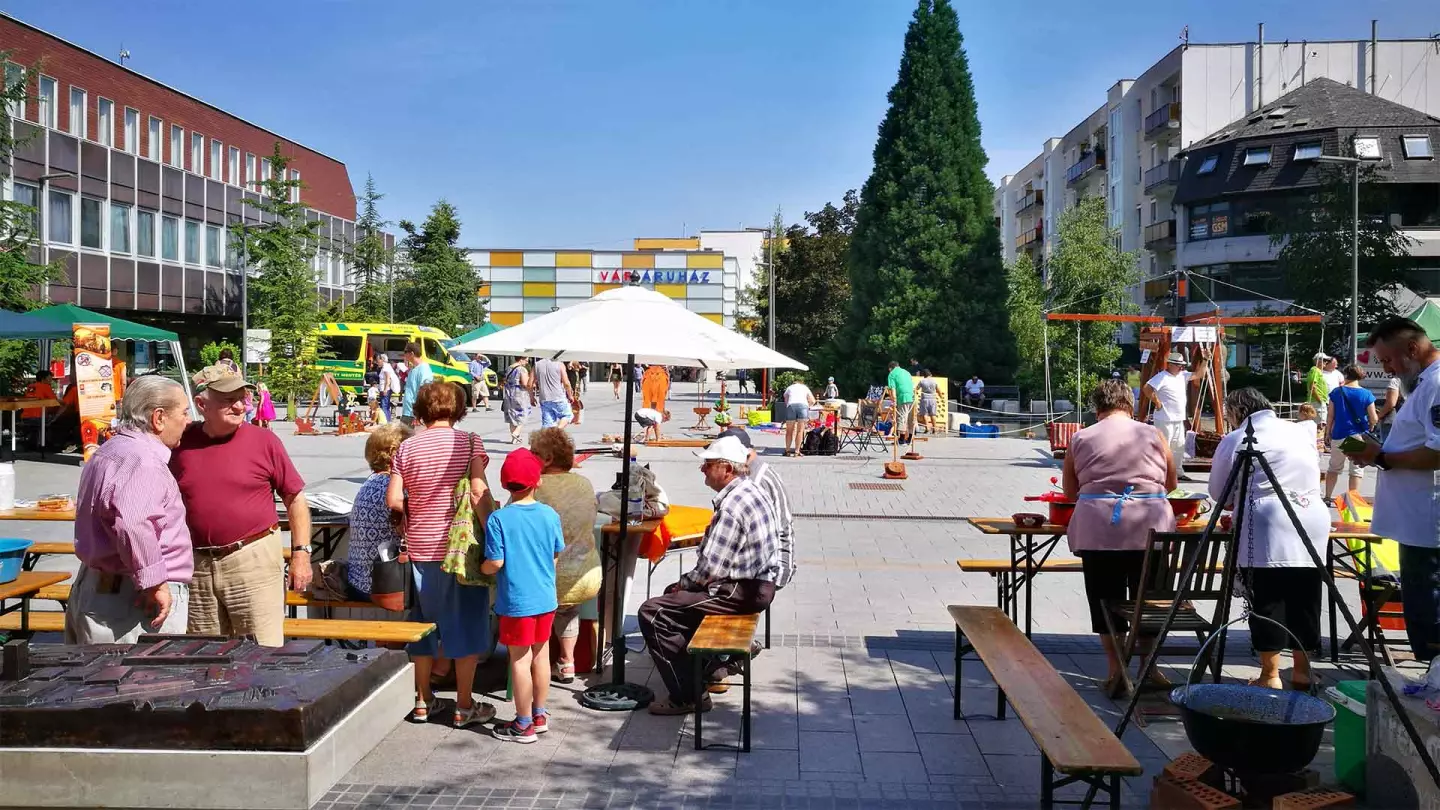 Franciaerkélyes, első emeleti, felújított panellakás, Veszprémben eladó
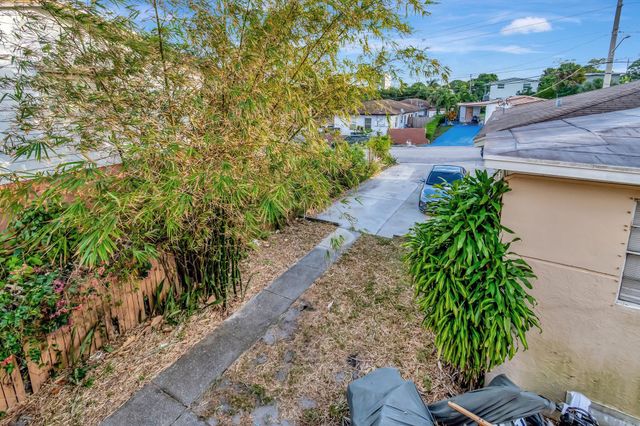 805 20th Street A,B,C, West Palm Beach, FL 33407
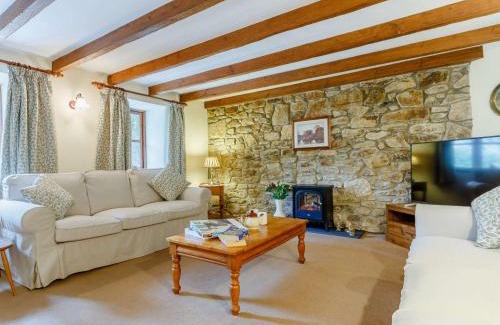 St Austell House | 2 Bed in Charlestown 82609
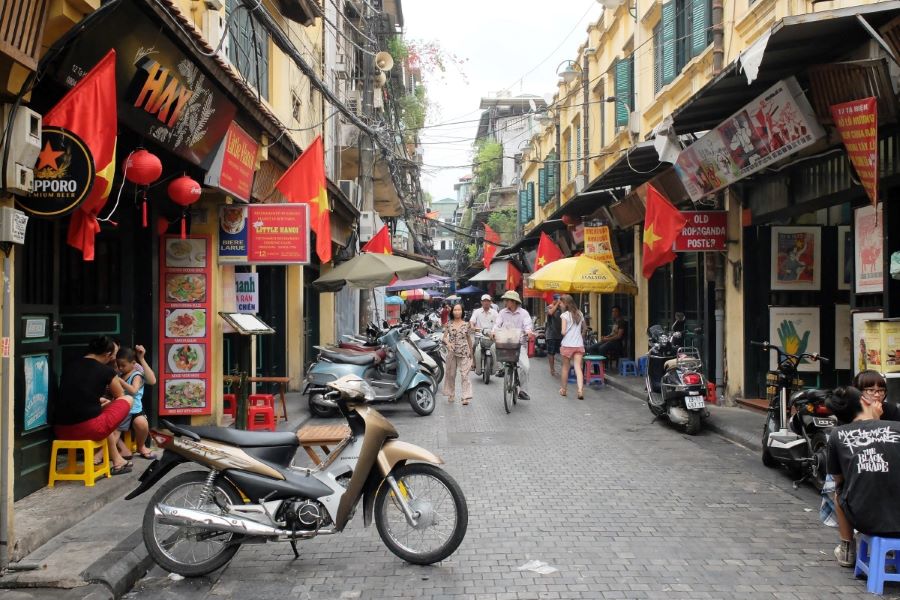 wander at hanoi old quarter
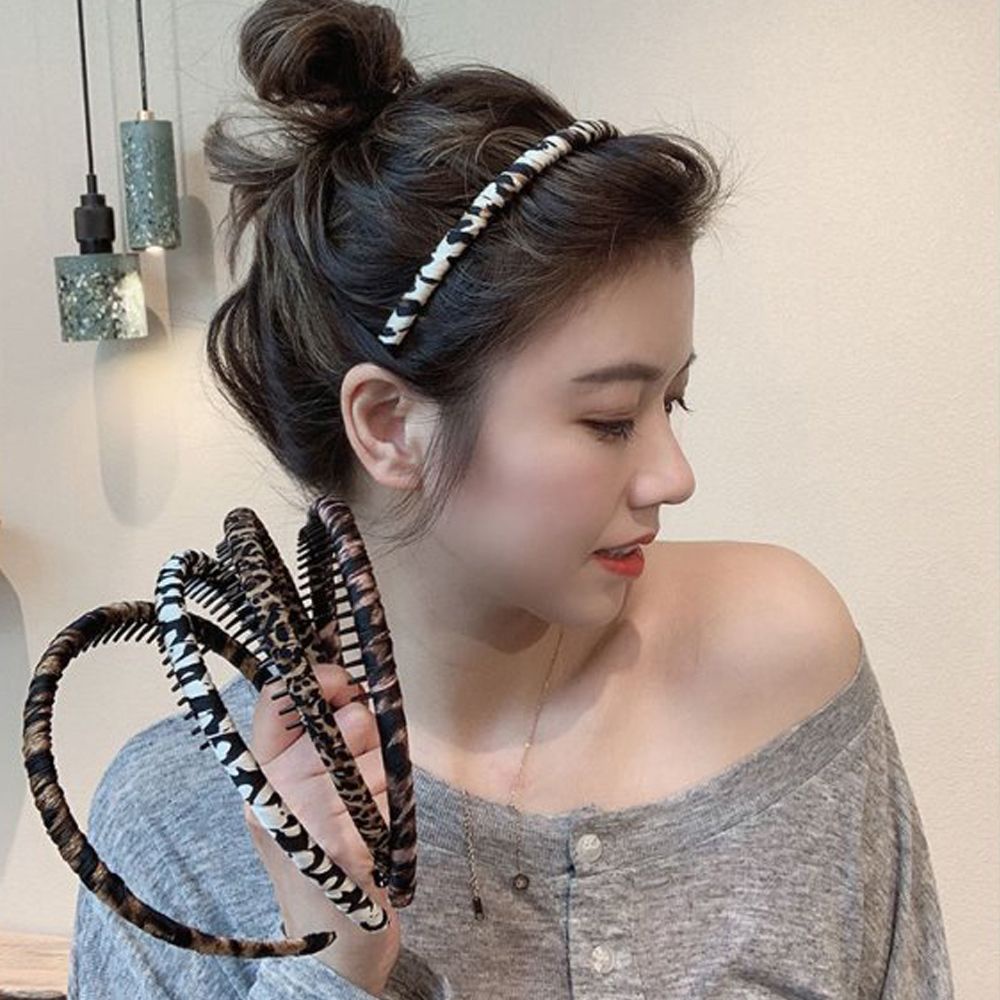 Băng Đô Rửa Mặt Chống Trượt Họa Tiết Da Báo Phong Cách Hàn Quốc Thanh Lịch Cho Nữ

## What this task involves
Transcribe exactly the lines from the one with "805 20th Street" to the last line of the records, both included, so that no picture appears in the copy.

## Answer space
 805 20th Street A,B,C, West Palm Beach, FL 33407
 St Austell House | 2 Bed in Charlestown 82609
 wander at hanoi old quarter
 Băng Đô Rửa Mặt Chống Trượt Họa Tiết Da Báo Phong Cách Hàn Quốc Thanh Lịch Cho Nữ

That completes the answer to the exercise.